Landslide Scarp Assessments by Means of an Ellipse-Referenced Idealized Curved Surface

Abstract

The importance of scenario investigation in landslide-related hazard mitigation planning has long been recognized, where numerical simulation with physics-based models plays a crucial role because of its quantitative information. However, a plausible failure surface is a prerequisite in conducting the numerical simulation, but it often has a high degree of uncertainty due to the complex geological structure. The present study is devoted to proposing a methodology to mimic the plausible landslide failure surface (with some uncertainty) for investigating the consequent flow paths when failure takes place. Instead of a spherical shape, an idealized curved surface (ICS) is used, where two constant curvatures are, respectively, assigned in the down-slope and cross-slope directions. A reference ellipse is introduced for constructing the associated ICS with a specified failure depth regarding these two curvatures.
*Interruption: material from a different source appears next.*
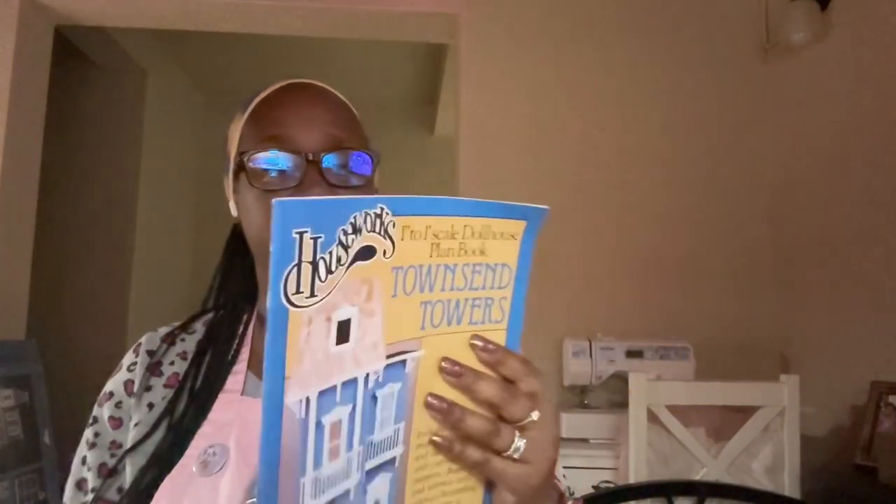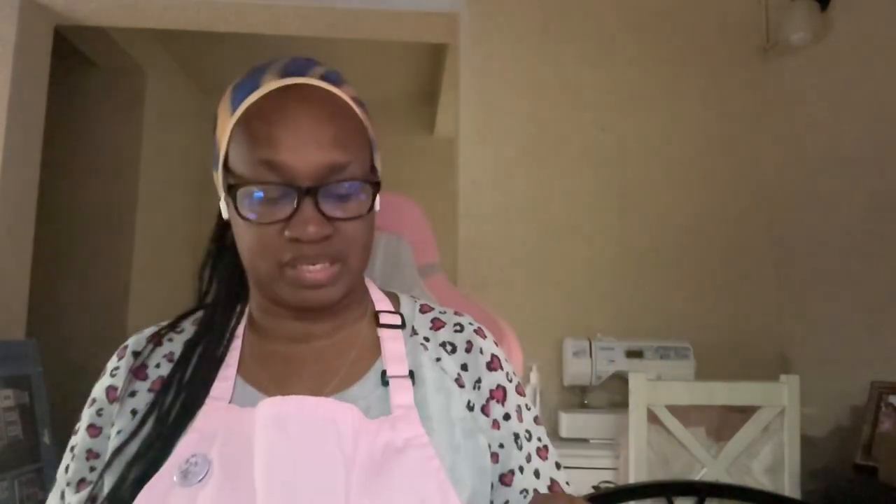This is by Houseworks. I have placed an order on miniatures.com — they are the one that does these grab bags. And it's like a Christmas present, at least for those of us who are building dollhouses. We love to get things.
Through translating, rotating, or side-tilting the reference ellipse, the most appropriate ICS is figured out with respect to the assigned constraints (failure area, volume of released mass, depth of sliding interface, etc.). The feasibility and practicability of this ellipse–ICS method are examined by application to a historical landslide event and one landslide-prone area. In application to the historical event, the fitness versus the landslide scarp area and its impacts on the consequent flow paths are investigated. For the landslide-prone area, five scenarios are arranged based on the surface features and the records of gaging wells. The most plausible failure scenario is therefore suggested as the prerequisite for mimicking the consequential flow paths.